Unsurprisingly, U.S. political events were the primary focus for fixed income markets during the fourth quarter of 2024. Despite a surge in excitement in favour of Kamala Harris after President Biden stood aside earlier in the year, polling, and particularly betting markets, moved more in favour of a Trump/Republican win as the year rolled on, correctly predicting the outcome of the early November election. Markets moved in lockstep, aiming to decipher what a Trump win and possible Republican sweep would mean. Against this backdrop, the two policies markets are most focused on and concerned about are deficit spending and tariffs.
The concerns over unfunded tax cuts drove yields higher, led by the back end of the curve – steepening the curve marginally in the process. 5-year, 10-year and 30-year U.S. Treasury yields rose 87.2 bps, 83.8 bps and 71 bps respectively, whereas 2-year U.S. Treasury yields rose 62.8 bps. Tariff concerns were most evident in currency markets with the U.S. dollar performing well, particularly against currencies most at risk of the most substantial tariffs – Mexico and Canada.

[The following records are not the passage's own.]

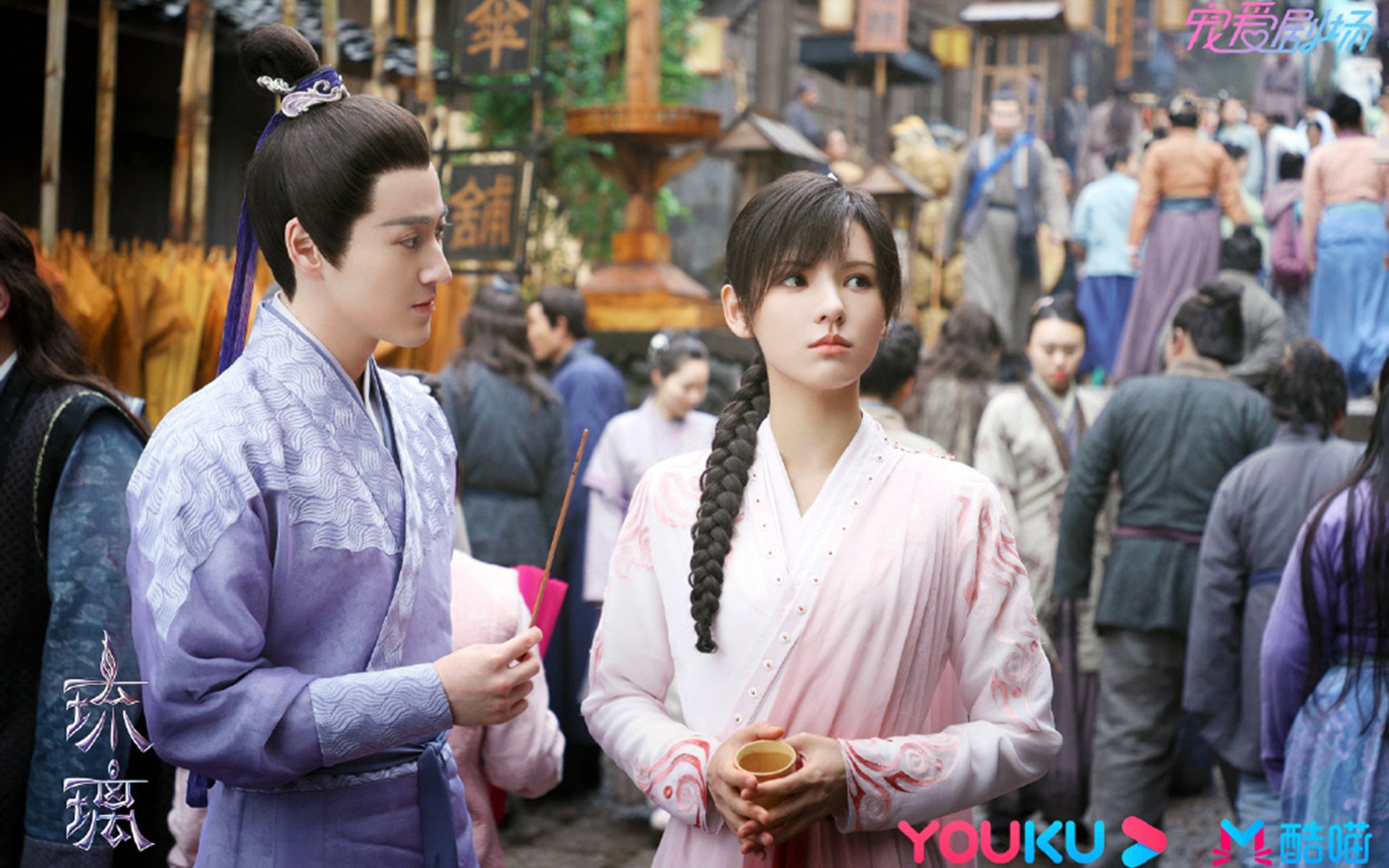 2025篮球赛季亮点盘点,精彩不断,2021-2022篮球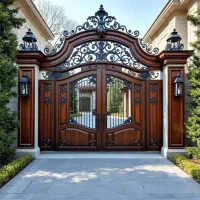 رنگ ،ضد زنگ،و نقاشی ساختمان و صنعتی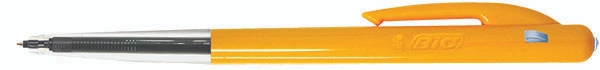 Bic Clic Fine Black (Box-60)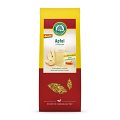 Ceai de mere bio demeter - 100 g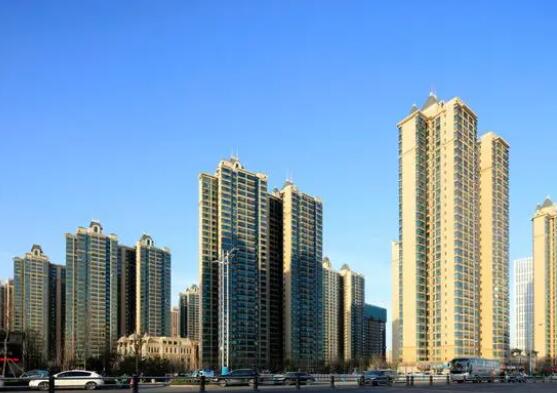 许家印“离婚”是在曲线避债吗? 到底是不是真的离婚?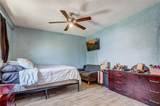 2191 Alclobe Circle - Photo 37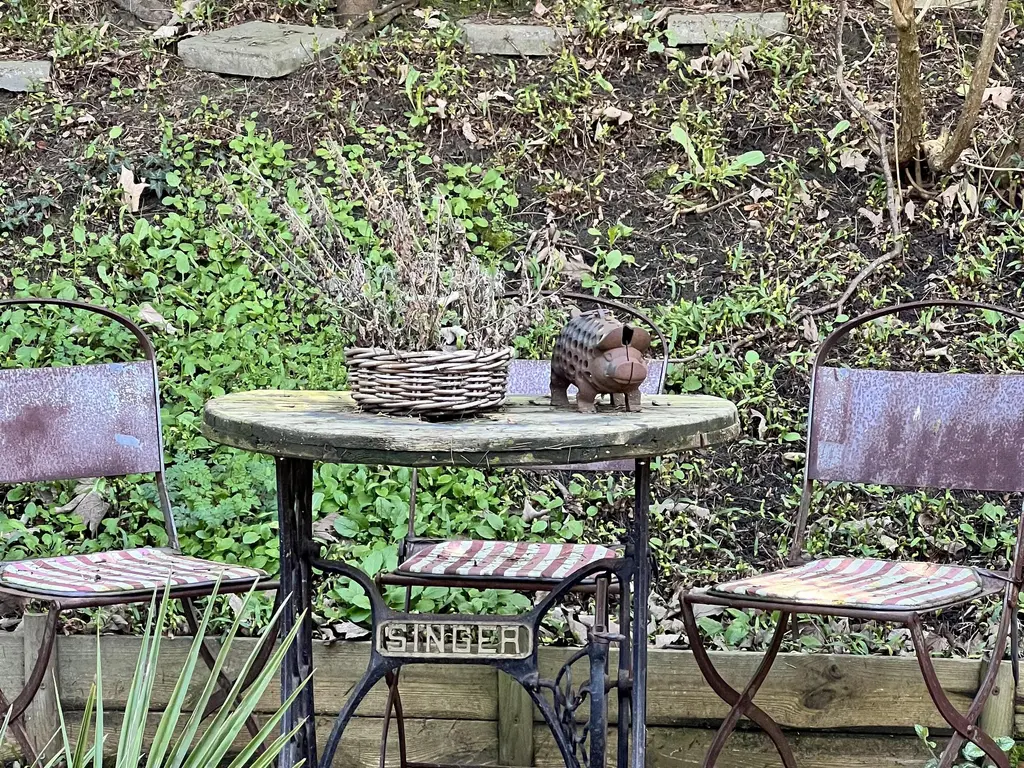 Wieldrechtse Zeedijk 35, DORDRECHT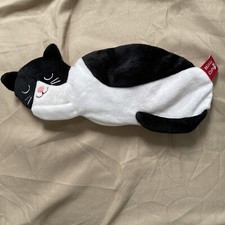 Cats wheat microwave for sale  BATH
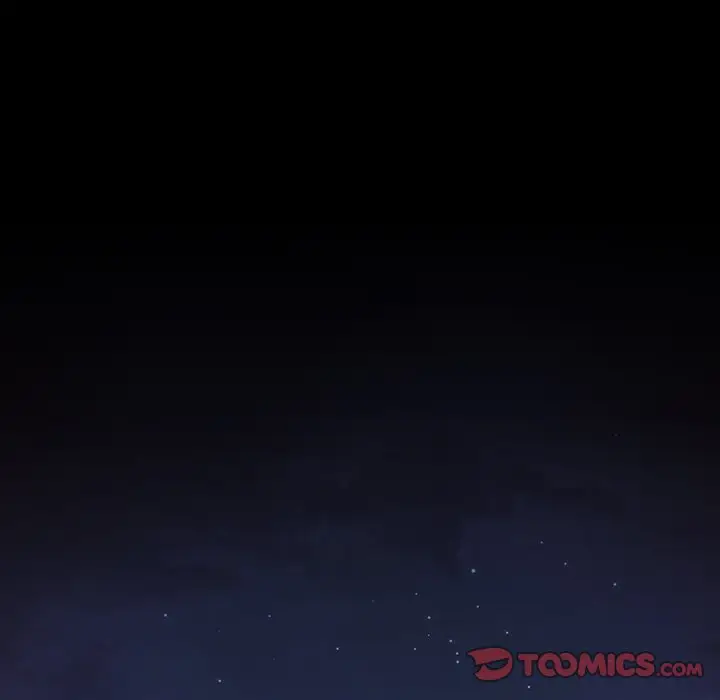 image-komik-komik-fruitless-chapter-16-141/163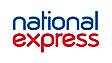 National Express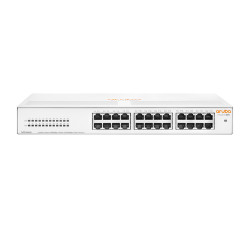 R8R49A#ABA Aruba Instant On 1430 24G Switch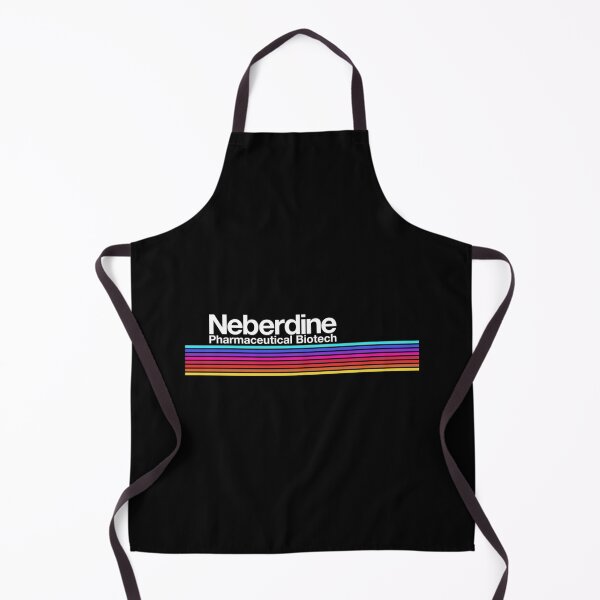 Item preview, Neberdine Pharmaceutical Biotech 	 designed and sold by unylnjmclvh86.
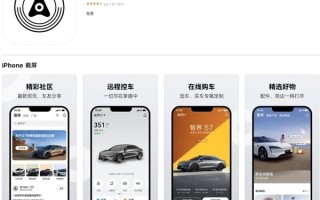 华为鸿蒙智行全新成员曝光：“享界”和“傲界”即将登场 ！
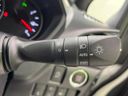 2021 Toyota Voxy 3BA-ZRR85W (UW-6a6ac2cc68c05)[17]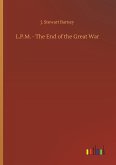 L.P.M. - The End of the Great War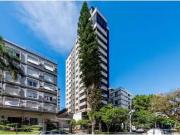Apartamento para Venda em Porto Alegre/RS Rio Branco 3...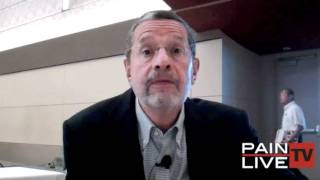 Dr. Howard A. Heit Talks About Iatrogenic Addiction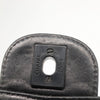 Secondhand Chanel Travel Line Flap Bag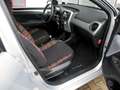 Citroen C1 VTi 68 ETG Feel 5Türig Grau - thumbnail 13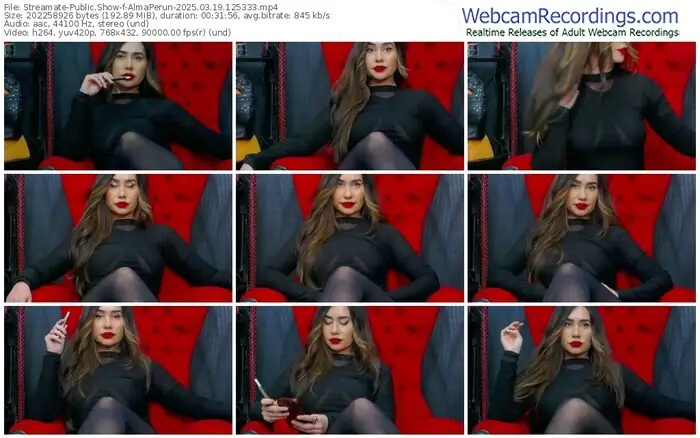 2025/03/19/streamate-almaperun-12-53-33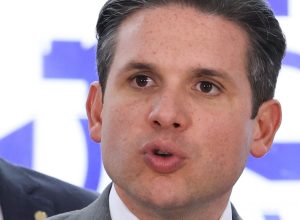 motta-cria-comissao-para-analisar-pec-da-reducao-da-escala-6×1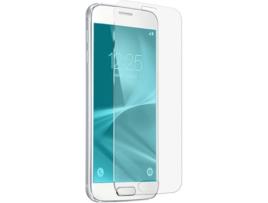 Película Vidro Temperado Samsung Galaxy S7 SBS Cristal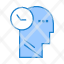 time-mind-thoughts-head-icon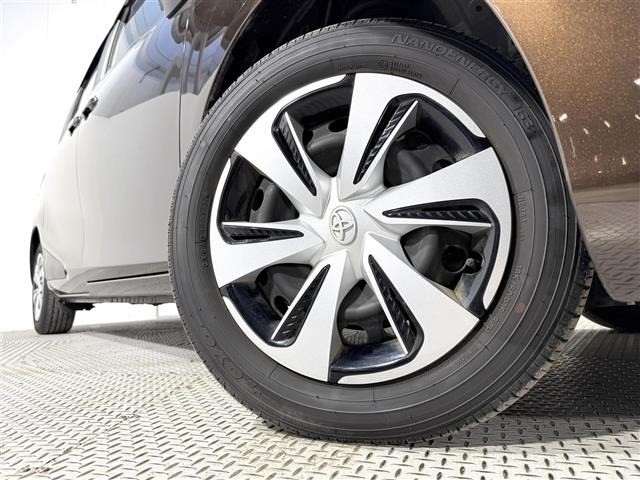 Toyota SIENTA 2020 7182431-22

Both the FTSE Canada Universe Bond Index and the U.S. Investment Grade Bond Index posted negative returns during the quarter.
The Mackenzie Floating Rate Income ETF is the sixth-largest weighted allocation in the portfolio and the largest contributor to performance. Loans provided consistent positive monthly returns throughout all of 2024 as high coupons, strong technical and the absence of rate risk drove returns.
The Mackenzie North American Corporate Bond Fund is the fifth-largest weighted allocation in the portfolio and a positive contributor to performance. The fund posted positive returns during the periods as corporate bond spreads continued to grind narrower.
The Mackenzie – IG Global Bond Pool is the largest weighted allocation in the portfolio and the weakest contributor to performance. Curve steepening remained a prevalent theme in the period as expectations around accommodative monetary policy in the U.S. moderated and deficit spending mounted.